The other day I found on my desk what looked like a credit card from one of those semi-cafeteria style restaurants. At this restaurant you present the card at each station when you order something and then present the card to the cashier when you leave. I turned the card over expecting to find a mag stripe or bar code on the back, but there was not one. I wondered if this was an RFID card. Instead of tossing the card in the trash, I became intrigued by the idea of reading the card. After some emails on the HacDC email list and some google searches for RFID readers, I decided to order the "PN532 NFC/RFID controller breakout board - v1.3" from AdaFruit.
I should have done some actual research, like reading through the specs for the chip on the breakout board. I thought I could plug this into a serial port, wave a card over it, and out would pop some info. I found products that did that when I was doing my searches, but this is not one of them. I knew I would have to solder on some connectors, but I did not realize I would have to write, or, at least, compile some code.
The thing is, the chip on this board can not only read RFID tags, but it can read and write NFC cards. So if I can get over the initial hurdle of communicating with the chip, I will be able to explore both RFID and NFC tags or cards.
There are three separate things to answer or solve. First, how to connect to it? The chip (and breakout board) supports I2C, SPI, and UART (at TTL levels). Second, what should I connect to it? My options are an iPad or iPhone (with the RedPark serial cable), a Windows laptop, Mac desktop, or a Microchip PIC. The third question is what code to write or run? AdaFruit provides Arduino code to communicate with the PN532, but I do not have an Arduino. There is also libnfc (link). I tried to compile this on my Mac, but I do not a compiler set-up at the command prompt (I think is something to do with my latest XCode installation).
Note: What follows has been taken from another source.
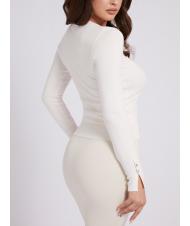 GUESS ELINOR Pulover cu decolteu cremwhi - Pulovere pentru femei - 3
I am most familiar with UART, and this works on all of the hardware I am considering, so I decided to go with that for now. For the connectors, I added a 5-pin header to the UART holes, and I soldered on the jumper headers, so I could select between the communication options (UART, SPI, I2C).
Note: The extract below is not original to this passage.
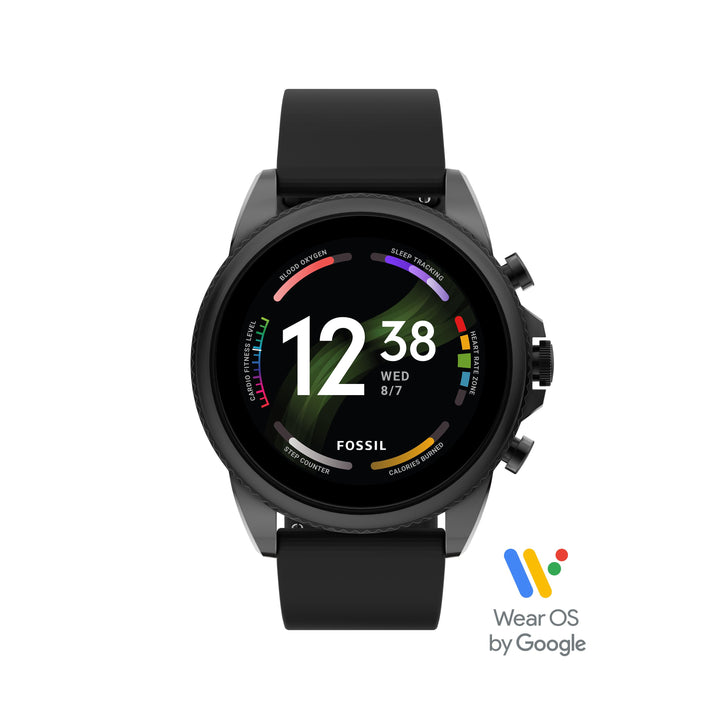 Skamielnik Smartwatch Gen 6 zegarek z czarnym silikonowym paskiem FTW4061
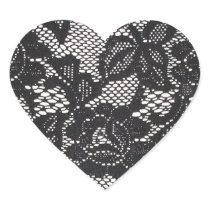 Lace Heart Sticker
This leaves the following possibilities...
- libnfc on the Mac. I had given this a quick try and found that I did not have a compiler set-up. At the moment, I am more interested in very basic connectivity, so I might get back to this later.
- new code on an iPad. The RedPark serial cable I have supports a UART rate of 57.6Kb/s. From what I can tell, the default for the PN532 is 115.2Kb/s. I am going to pass on this at the moment, since it looks like this might not work at all (unless I can lower the rate of the PN532 and keep that as the default).
- new code on a PIC. The upper limit of the PIC UART speed, when not using a crystal on the PIC, might be too low. I would have to understand that first. Then, if I did have connectivity, I would not have a simple way to show the results.
- new code on a Mac. This is what I am going to try first. I have worked with serial ports on the Mac OS X before, where the serial port was a BlueTooth device, so I have some code to start with.
Hopefully I will get something working eventually. I will post an update when I do.